Diindenoperylene (DIP) is an organic semiconductor which receives attention because of its potential application in optoelectronics (solar cells, OLEDs) and electronics (RFID tags). DIP is a planar perylene derivative with two indeno-groups attached to opposite sides of the perylene core. Its chemical formula is C_{32}H_{16}, the full chemical name is diindeno[1,2,3-cd:1',2',3'-lm]perylene. Its chemical synthesis has been described.

== Properties and uses ==
The molecular weight is 400.48 g/mol, the dimensions of the molecule in its plane are ~18.4×7 Å. and its sublimation temperature is above 330 °C. It is non-polar and therefore only slightly soluble, for example in acetone.

DIP is a red dye and has been used as active material for optical recording.

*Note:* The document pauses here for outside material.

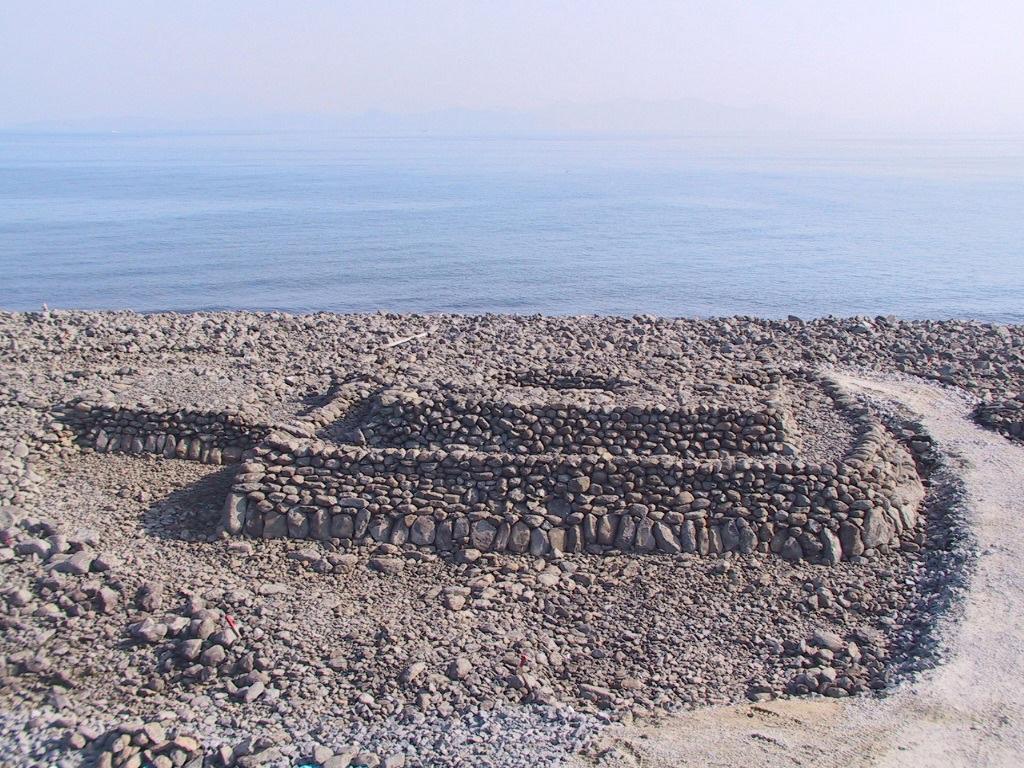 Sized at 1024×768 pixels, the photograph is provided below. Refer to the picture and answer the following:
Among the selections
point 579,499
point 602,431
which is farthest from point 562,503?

Because of its 'perylene-type' optical emission in the visible spectrum, it has also been used in organic light emitting diodes. Organic field effect transistors of DIP have been studied. The charge carrier mobility achieved was up to 0.1 cm^{2}/(V·s) for thin film transistors with silicon dioxide as gate dielectric, making DIP a good candidate for further optimisation.

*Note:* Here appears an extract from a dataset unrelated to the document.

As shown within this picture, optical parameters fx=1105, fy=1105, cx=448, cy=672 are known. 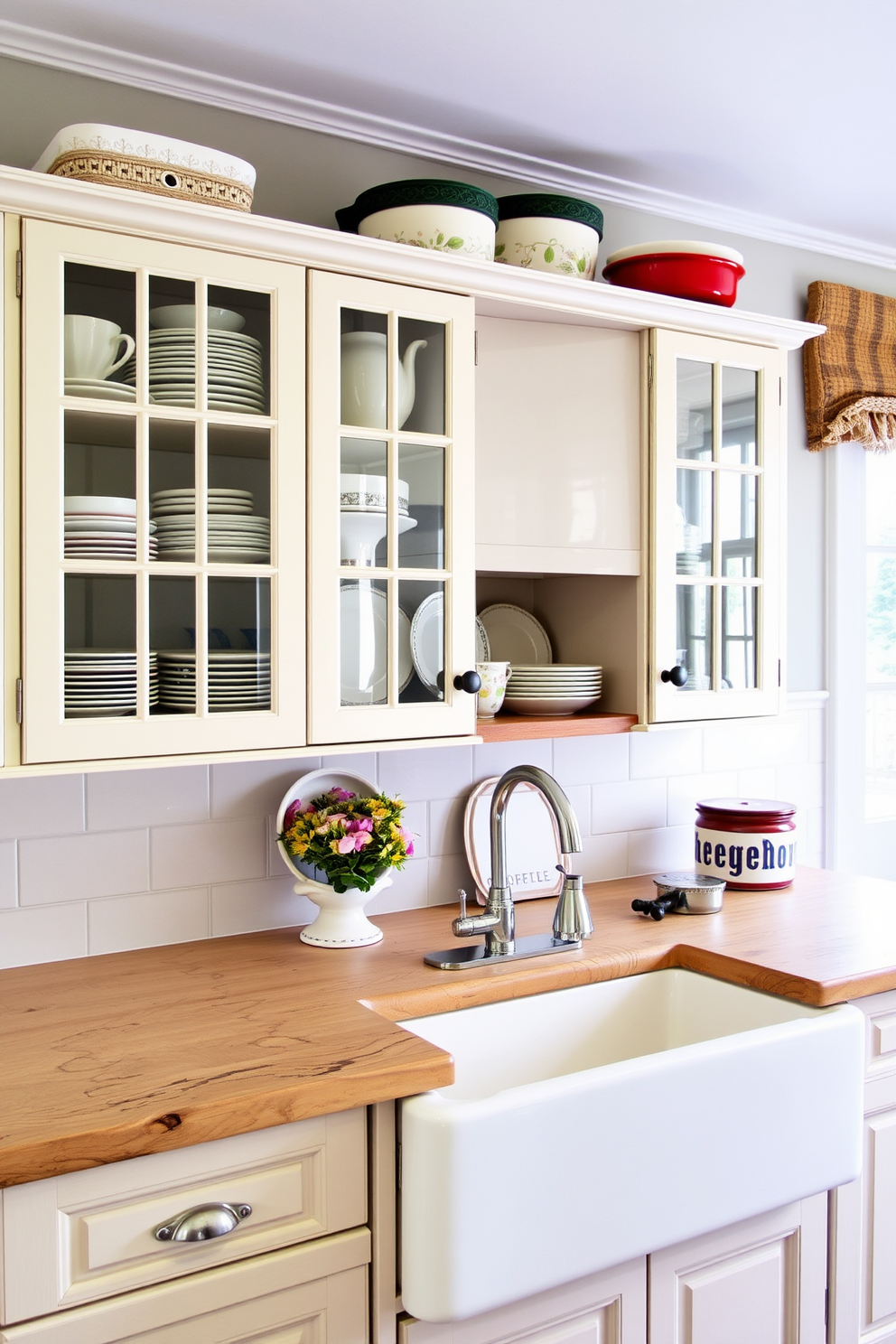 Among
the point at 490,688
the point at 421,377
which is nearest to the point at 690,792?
the point at 490,688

The structure of bulk DIP crystals has recently been studied by Pflaum et al., who found two distinct phases at room temperature and at temperatures above 160 °C. In thin films for growth 'near equilibrium' (at substrate temperature of about 130 °C) by organic molecular beam deposition (OMBD), DIP has been shown to order very well. The structure of thin DIP films has been characterized 'post-growth', with structures differing from the room-temperature bulk structure. These thin-film structures depend on the substrate used, and also on the substrate temperature during growth.